During my last week in Malawi I thought about all the things I still think about now that I’m home. I think of my best mate’s wedding. Jaco and Salma. Being his best man in Malawi. I think about the goat I watched through its slaughter. I try to remember the taste of my own revulsion and sadness as I watched the Muslim Priest pray over the animal and slice its Hallal throat.
Jaco and me.

I think about the 300 kgs of fertilizer being put to use in a village—the name of which I can’t remember. I think about farming subsidies for foreign crop inputs. And of the pre-supposed need of such a thing as fertilizer, which—in the long run—depletes the soil of its natural resources.
Anthony Chilobwe, TCE Field Officer
I think about Malaria, and the death of one of our own. God rest your soul Anna.

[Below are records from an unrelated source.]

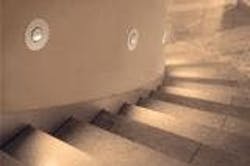 677eb5e9c70eb37fda7642c7 Content Dam Leds En Articles 2008 10 Five Fixture 677eb5e9c70eb37fda7642c7 Content Dam Leds En Articles 2008 10 Five Fixture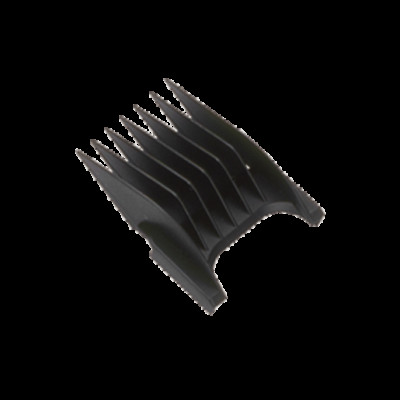 Насадка Moser №4 1881-7220/1881-7030, 12 мм Насадка Moser №4 1881-7220/1881-7030, 12 мм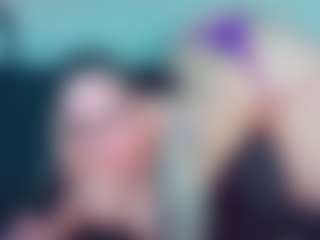 Nelli Brickhouse's Live Sex Cam Show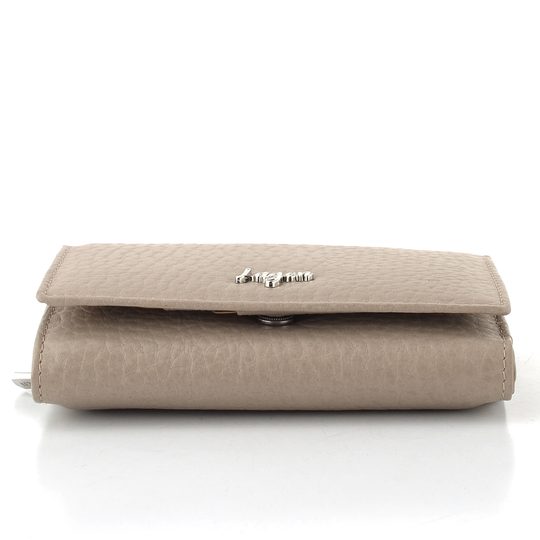 Dámska podlhovastá kožená cfossil 5983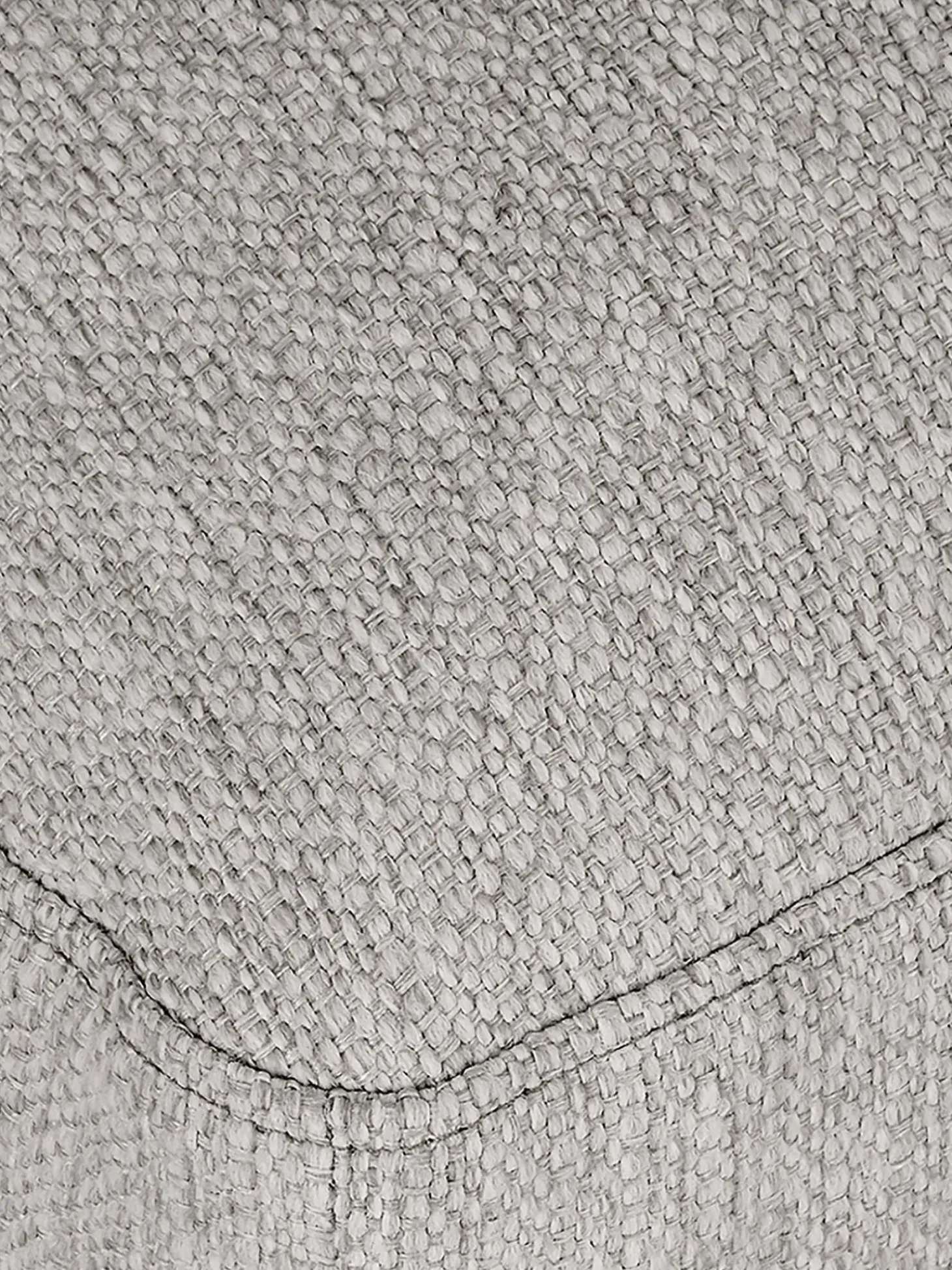 Reposapies Taburete Tribeca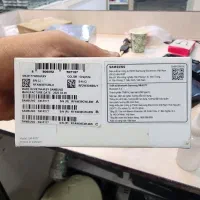 هندزفری بی سیم سامسونگ مدلgalaxy buds 2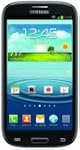 Samsung Galaxy S III 4G Android Phone...
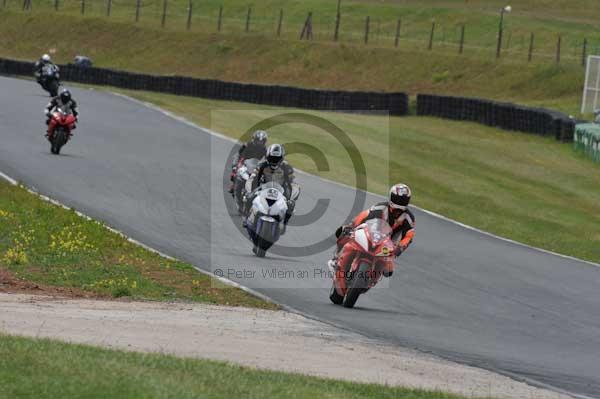 anglesey;brands hatch;cadwell park;croft;donington park;enduro digital images;event digital images;eventdigitalimages;mallory;no limits;oulton park;peter wileman photography;racing digital images;silverstone;snetterton;trackday digital images;trackday photos;vmcc banbury run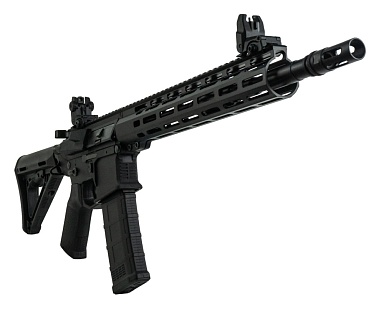 Автомат Arcturus AR15 MUR MOD B Carbine Ambi LITE (at-ny02-cb)
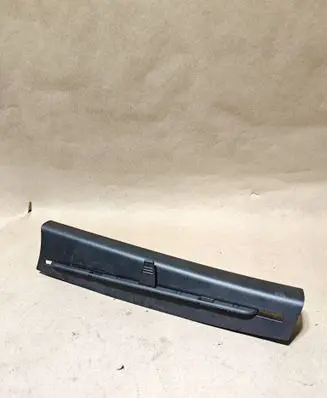 BMW 5 G30 G31 G38 Rear door sun blind/shade 7385396 15928710 3020514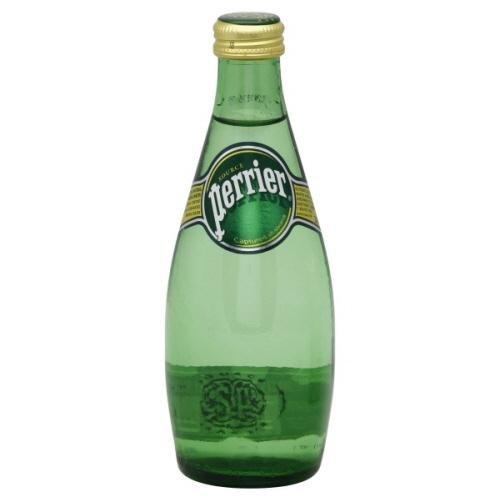 Perrier 330mL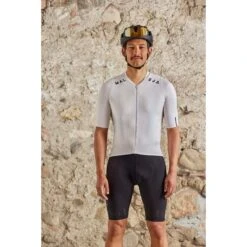 Maloja DomM. Roadbike Trikot - Sundust 8672 -Maloja maloja domm 1421760 4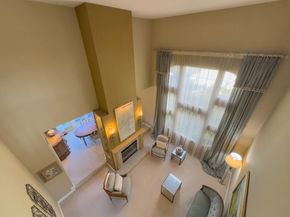 181 Turnberry Road, Half Moon Bay CA 94019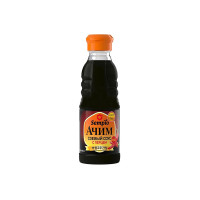 Соевый соус Ачим с перцем, 300 мл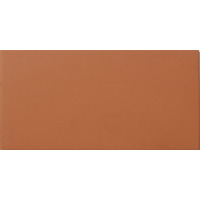 Керамогранит Winckelmans Simple Colors Special Rct.10 Havana Hav 10x20
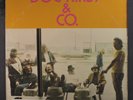 DOC KIRBY: doc kirby & co Playboy Records 12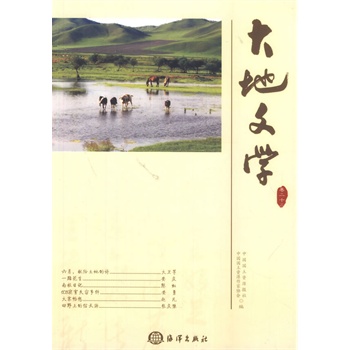 ����ČW(xu��)����ʮ����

I think about all the stories I have yet to share with you. The stories friends would tell me as they held my hand after a few games of pool. The music that comforts me and breaks my heart because it reminds me of home. The vacation north into the mountains and into the lake. The friends who have so little. The friends who have so much. 2 guards with 2 cell phones who make each and every phone call with a level of gratitude I will never know. A future doctor. A life of travel. A pot of biryani. A baby on the way. Falling in love. Wonky pool tables. Time well spent in the blink of an eye.